Nathalie Karpel Vel Leitner rappelle toutefois que c'est parce que les techniques analytiques sont de plus en plus performantes qu'on arrive désormais à détecter ces micropollutions à des seuils très faibles. Autrement dit, plus on cherche, plus on trouve. La dépollution complète est donc particulièrement complexe:
"Dans l'eau, il y a des constituants d'origine naturelle non dangereux dans des quantités 1000 fois supérieurs aux constituants issus de la micropollution, c'est très compliqué de cibler uniquement ces derniers, qui sont présents à l'état de traces."
L'eau, bien moins polluée que l'alimentation
À court terme, pour le consommateur, les bienfaits de l'eau restent évidemment largement supérieurs aux risques et l'eau reste d'ailleurs bien moins polluée que le reste de notre alimentation.
"L'eau du robinet est de très bonne qualité par rapport aux autres sources de pollution auxquelles on est exposé, dans une salade, ou un plat cuisiné...," souligne la chercheuse.
"Dans un kilo de nourriture, il y a 500.000 fois plus de polluants que dans un litre d'eau, et l'eau ne représente, selon une étude de l'Anses, que 5% de la part totale de notre exposition aux pesticides dans l'alimentation," indiquait France Culture dans une émission début mai.

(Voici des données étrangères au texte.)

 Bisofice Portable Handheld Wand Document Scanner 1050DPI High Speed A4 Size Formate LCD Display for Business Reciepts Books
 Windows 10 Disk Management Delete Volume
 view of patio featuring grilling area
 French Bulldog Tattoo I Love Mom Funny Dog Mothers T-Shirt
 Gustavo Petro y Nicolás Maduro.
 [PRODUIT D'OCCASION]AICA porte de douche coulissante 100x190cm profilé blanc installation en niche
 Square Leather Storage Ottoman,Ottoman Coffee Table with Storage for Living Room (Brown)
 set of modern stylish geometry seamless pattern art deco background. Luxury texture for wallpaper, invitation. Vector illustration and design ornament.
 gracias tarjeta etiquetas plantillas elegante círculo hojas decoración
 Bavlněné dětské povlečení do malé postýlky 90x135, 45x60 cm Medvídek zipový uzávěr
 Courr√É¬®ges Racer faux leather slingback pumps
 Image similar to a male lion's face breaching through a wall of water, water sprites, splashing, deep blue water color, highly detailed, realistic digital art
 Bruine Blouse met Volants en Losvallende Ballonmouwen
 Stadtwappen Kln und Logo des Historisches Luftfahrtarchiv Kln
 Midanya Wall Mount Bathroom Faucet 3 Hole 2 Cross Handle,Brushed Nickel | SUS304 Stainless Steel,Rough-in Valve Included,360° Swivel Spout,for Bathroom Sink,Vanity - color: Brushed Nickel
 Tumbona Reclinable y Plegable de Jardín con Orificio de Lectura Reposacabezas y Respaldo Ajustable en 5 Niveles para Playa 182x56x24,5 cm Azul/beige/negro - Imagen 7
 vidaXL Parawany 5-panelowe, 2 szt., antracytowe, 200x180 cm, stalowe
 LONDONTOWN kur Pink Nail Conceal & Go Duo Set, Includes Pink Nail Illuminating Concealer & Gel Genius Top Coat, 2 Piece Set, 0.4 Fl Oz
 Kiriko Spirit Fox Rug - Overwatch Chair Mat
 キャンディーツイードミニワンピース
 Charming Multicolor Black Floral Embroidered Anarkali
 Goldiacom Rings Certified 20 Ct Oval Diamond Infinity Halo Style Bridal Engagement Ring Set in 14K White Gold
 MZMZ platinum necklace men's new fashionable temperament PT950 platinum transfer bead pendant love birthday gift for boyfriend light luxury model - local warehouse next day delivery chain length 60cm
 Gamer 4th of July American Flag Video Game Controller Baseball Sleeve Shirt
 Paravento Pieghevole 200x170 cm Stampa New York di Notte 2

L'eau du robinet est l'aliment le plus surveillé, avec une soixantaine de paramètres contrôlés. Si le chlore utilisé pour la purifier peut lui donner un goût désagréable, il est possible de l'éliminer grâce à des solutions de filtration à la maison, comme les carafes filtrantes. Mais attention à bien les utiliser: si l'on ne change pas les cartouches suffisamment régulièrement, on amène dans notre eau plus de bactéries que sans...
Eau de source, eau minérale ou eau du robinet, quelle que soit l'eau que vous choisissiez de consommer, n'oubliez pas qu'il est recommandé de boire au moins 1,5 litre d'eau par jour et par personne.